The Court then turned to an analysis of irreparable harm.  The Court found in this regard that the independent Board members would likely be protected from monetary damages by El Paso’s exculpatory charter provision, that Mr. Foshee was alone unlikely to be in a position to satisfy a half billion dollar verdict, and that it would be difficult to prove Goldman Sachs or Kinder Morgan was an aider and abettor and therefore liable for damages.  The Court thus concluded that the adequacy of a money damages, post-trial remedy for El Paso’s stockholders was not apparent and that plaintiffs had shown that there was a likelihood of irreparable injury if the Merger were not enjoined. 

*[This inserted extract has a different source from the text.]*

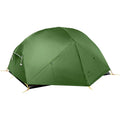 Mongar Backpacking Camping Tent 2 Person Lightweight 3 Season Waterproof Hiking Tent Double Crossbars Easy Setup Double Layer f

The Court then turned to the balance of the equities.  The Court focused on the question of whether it should intervene in light of the fact that the El Paso stockholders were to be presented with a fully informed opportunity to accept or reject the Merger and that no rival bid for El Paso had surfaced.  Before answering the question, the Court analyzed the injunctive relief sought by plaintiffs, which it characterized as “an odd mixture of mandatory injunctive relief.”  Essentially, plaintiffs requested an injunction that would (i) direct El Paso to shop itself despite the no-shop provision in the Merger Agreement and (ii) authorize El Paso to terminate the Merger Agreement on grounds not allowed by the Merger Agreement and without paying the termination fee.  If no superior transaction resulted from this process, plaintiffs proposed order further provided that the Court would lift the injunction and force Kinder Morgan to complete the Merger.  The Court noted that such an injunction was an affirmative injunction and not a traditional negative injunction that could be imposed without an evidentiary hearing or undisputed facts, and that it would pose serious inequity on Kinder Morgan by stripping it of its contractual rights while simultaneously obliging it to adhere to its obligations.  The Court therefore denied plaintiffs’ motion for a preliminary injunction, finding that the balance of equities weighed in favor of permitting the El Paso stockholders the opportunity to decide for themselves whether to accept or reject the Merger by way of a fully informed stockholder vote.